The "common" logfile format continues to be a difficult standard to
stick to. It has been suggested that maybe we should create "Apache"
format with a config parameter to revert to the "common" format.
There are a lot of nicer things that we could do with logging.
The common format is "too terse" and "too huge". IMHO - any change
now should be made with consideration toward doing it how the
group would like to see it work in the future.

.03
Re: Logging of ErrorDocument responses (was Re: hmmm...) [ In reply to ]
Brian says...

> > What about the other error/problem redirects, and regular redirects ?
> > should we not log those too ?
> >
> > Is it also redundant to log
> > /missing
> > when I know that /missing/ is almost sure to follow a second
> > later ?
>
> No, because you *aren't* sure.

You can be 100% sure for the first example I gave.

> They are two separate processes, two separate
> requests. In this situation there is one response and *two* log file
> entries, which is completely new and not clearly correct. One request, one

You say "not clearly correct" which is a long way
from "clearly not correct".

Logging 2 request (or however many it takes) is not going to break
anything. NCSA 1.4 will do the same I believe.

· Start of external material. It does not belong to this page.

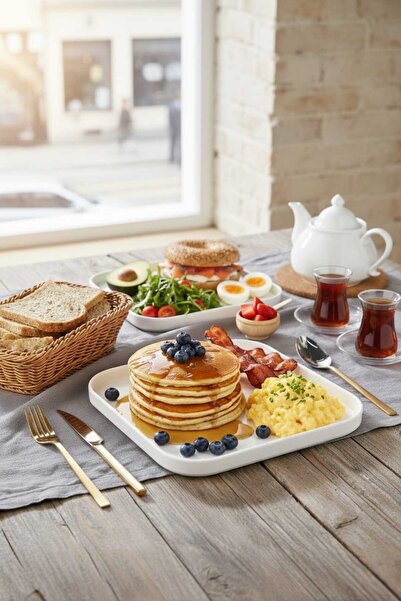 Le Paon 2’li Porselen Kare Servis ve Kahvaltı Tabağı Seti 25x25 cm – Şık Sunum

If someone asks for X, and X tells them (directly or by some error/problem)
to go to Y, then I'd like to see both X and Y logged. Let's see the
complete picture. I might want to know how many times Y is used
in a day, it doesn't have to be redirected to only by X, so I can't
assume that a count of redirected Xs gives me a count of the Ys.

Ignoring Y in the log file is small price to pay if you dislike them.

> If this stands it needs to be documented clearly, so
> people can modify their current log file tools to account for it.

or not as the case may be. I'll leave mine alone. I see cases where
the redirect amounts to two separate requests, one which may have failed
and one which succeeded.

> Whatever, if I'm the only one who thinks this is a problem, I'll shut up,
> and I admit it is a little late in the game to bring this up. Can we
> have a show of hands? What do those not directly involved in coding this
> think?

my hands are hidden.


robh
Re: Logging of ErrorDocument responses (was Re: hmmm...) [ In reply to ]
On Thu, 20 Apr 1995, Rob Hartill wrote:
> Script X can redirect to URLs A B C D or E
> if someone requests X, do you log X or A-E ?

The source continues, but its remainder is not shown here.